YOUR TASK – Copy out the listing that follows, exact in every word, and skip the images.
*** Opening DATA PROVIDED ***
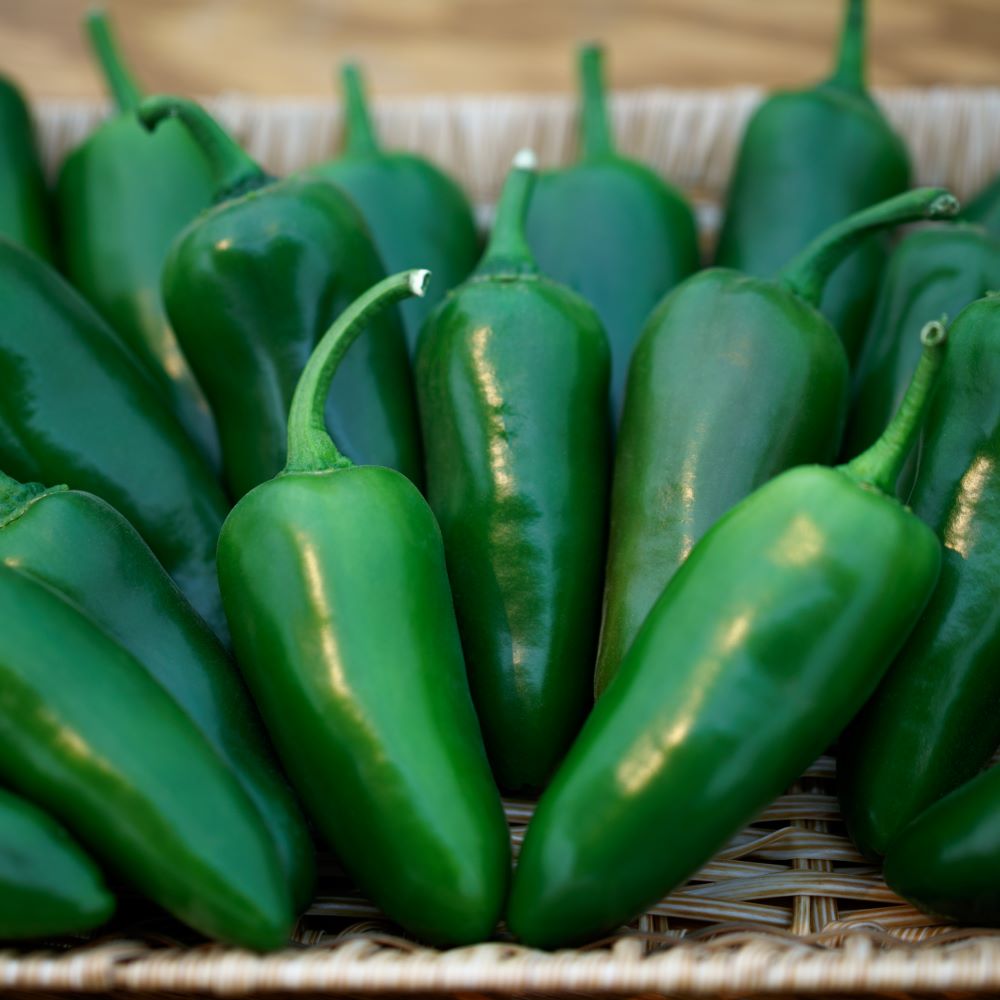 Megatron Jalapeno Peppers in a basket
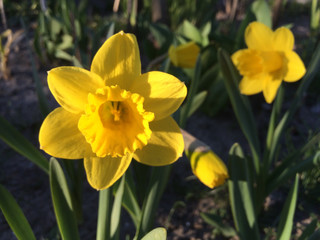 Yellow daffodil flowers in the garden
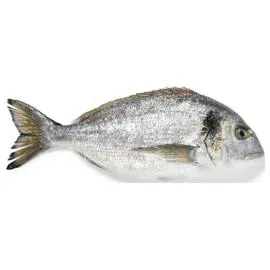 Daurade royale vidée et écaillée (600g)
*** Closing DATA PROVIDED ***
ANSWER TO THIS EXERCISE –
 Megatron Jalapeno Peppers in a basket
 Yellow daffodil flowers in the garden
 Daurade royale vidée et écaillée (600g)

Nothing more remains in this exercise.